Transcribe, exactly and without pictures, the lines below from the line with "Dinner table + chairs" to the line with "2006 Volvo VHD T/A Day Cab Truck Tractor", both ends included, and no others.

Data to examine:
☆ ☆ ☆ ☆ ☆ ☆ ☆

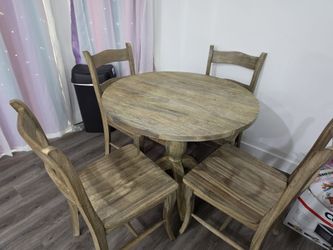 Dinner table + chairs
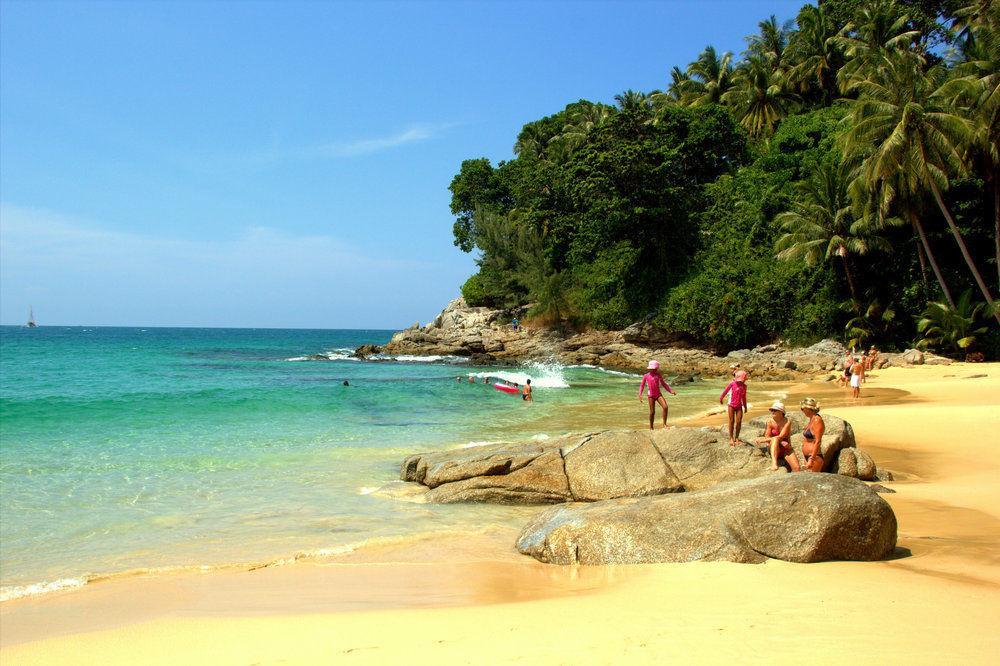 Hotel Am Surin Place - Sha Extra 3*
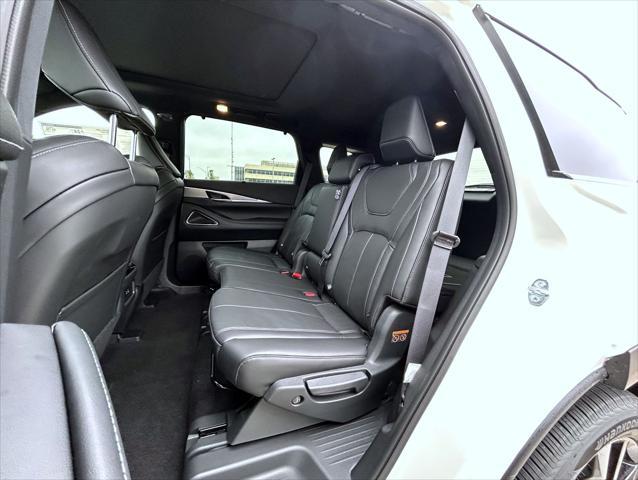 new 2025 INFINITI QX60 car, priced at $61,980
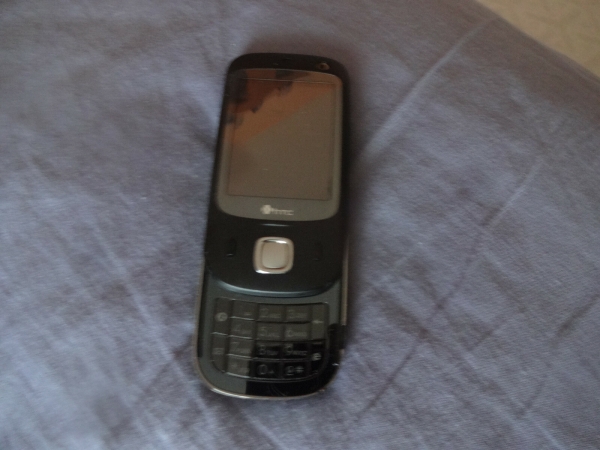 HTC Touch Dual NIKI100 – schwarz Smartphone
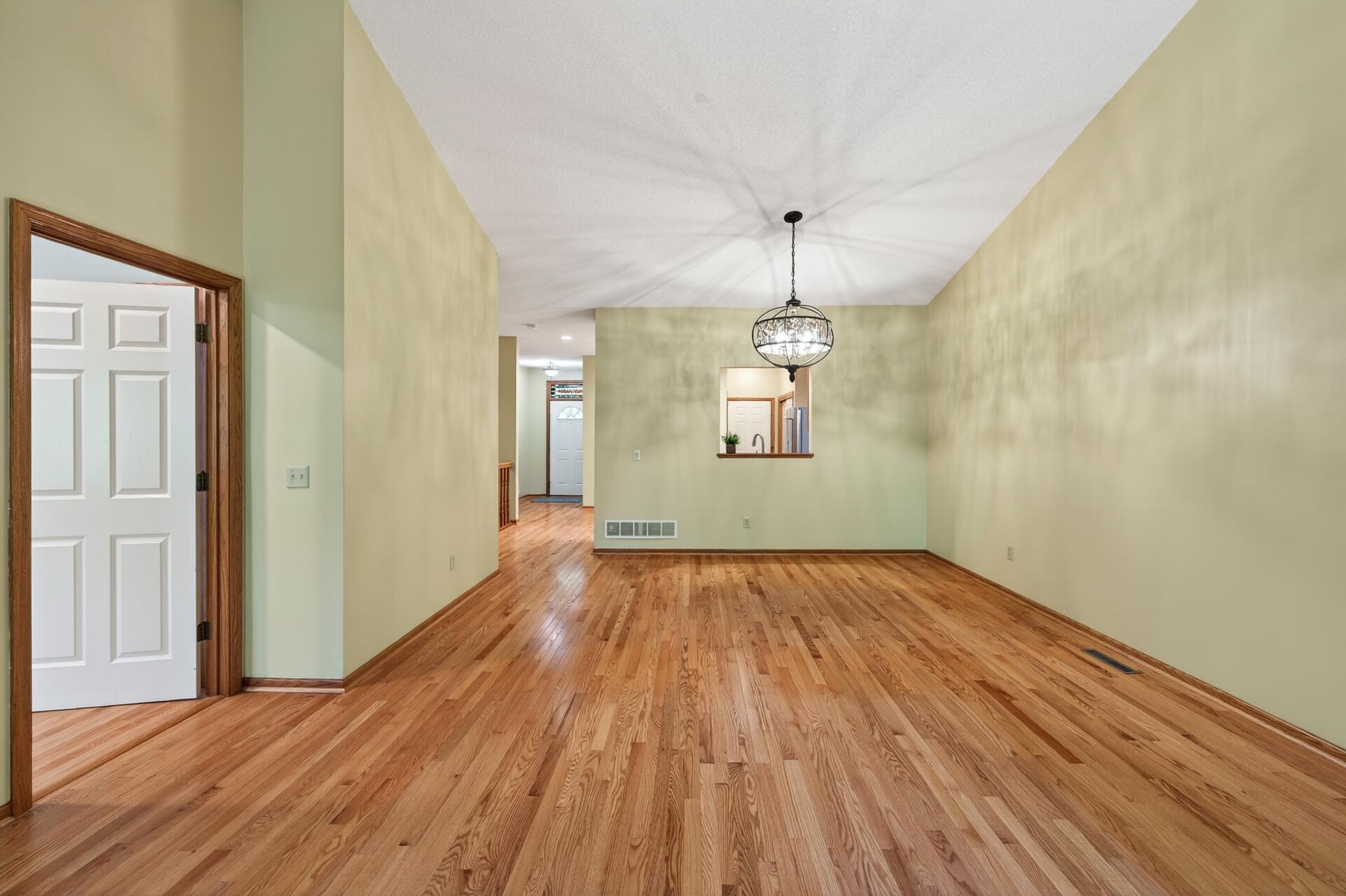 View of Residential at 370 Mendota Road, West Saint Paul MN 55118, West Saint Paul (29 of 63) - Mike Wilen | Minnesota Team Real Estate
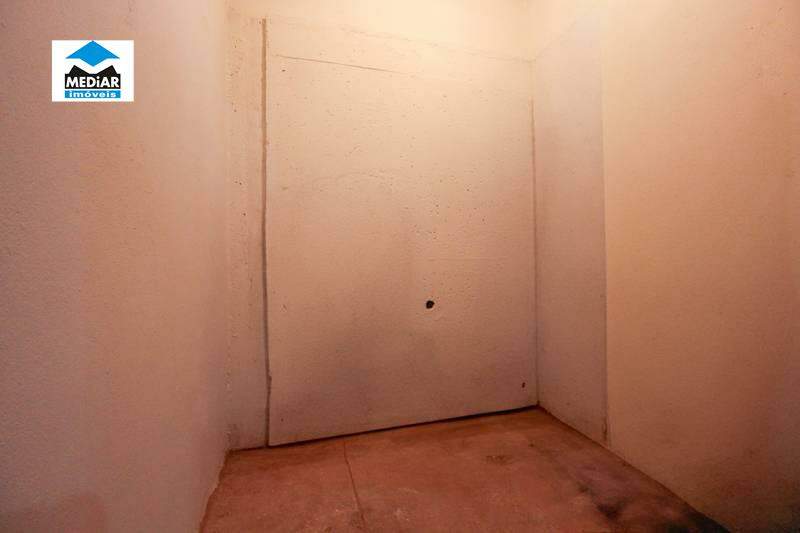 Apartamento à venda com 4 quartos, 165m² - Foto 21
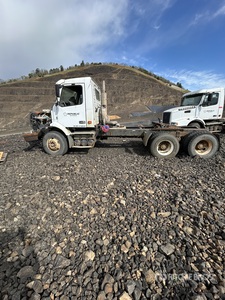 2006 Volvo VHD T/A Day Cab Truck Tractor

☆ ☆ ☆ ☆ ☆ ☆ ☆

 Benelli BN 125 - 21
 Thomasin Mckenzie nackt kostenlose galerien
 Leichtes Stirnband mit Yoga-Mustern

☆ ☆ ☆ ☆ ☆ ☆ ☆

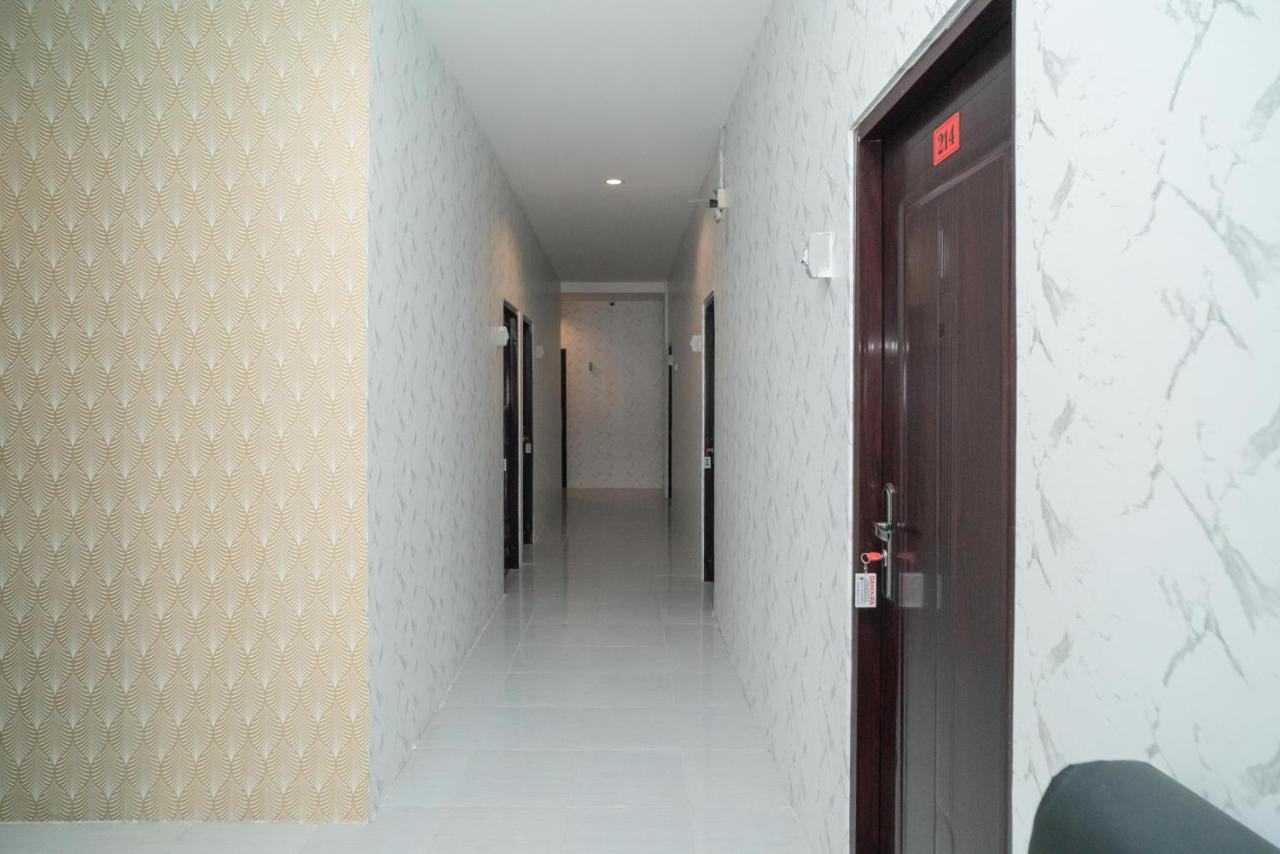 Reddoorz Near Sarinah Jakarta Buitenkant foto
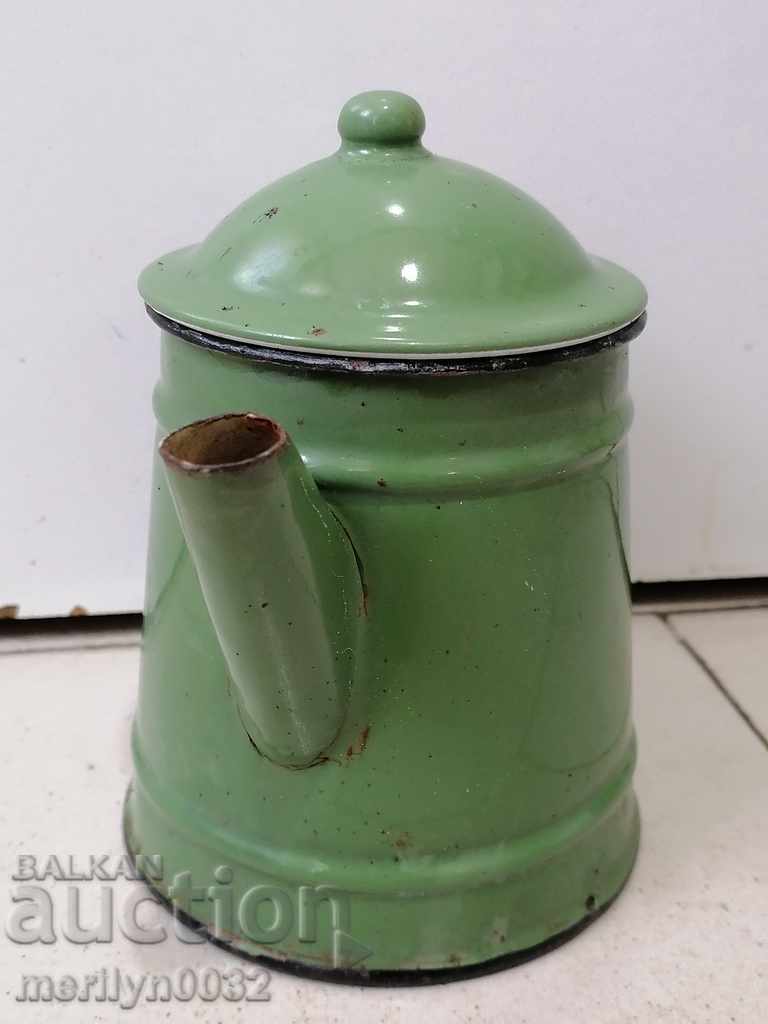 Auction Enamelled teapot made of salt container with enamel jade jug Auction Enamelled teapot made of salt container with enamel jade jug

☆ ☆ ☆ ☆ ☆ ☆ ☆

Task response:
 Dinner table + chairs
 Hotel Am Surin Place - Sha Extra 3*
 new 2025 INFINITI QX60 car, priced at $61,980
 HTC Touch Dual NIKI100 – schwarz Smartphone
 View of Residential at 370 Mendota Road, West Saint Paul MN 55118, West Saint Paul (29 of 63) - Mike Wilen | Minnesota Team Real Estate
 Apartamento à venda com 4 quartos, 165m² - Foto 21
 2006 Volvo VHD T/A Day Cab Truck Tractor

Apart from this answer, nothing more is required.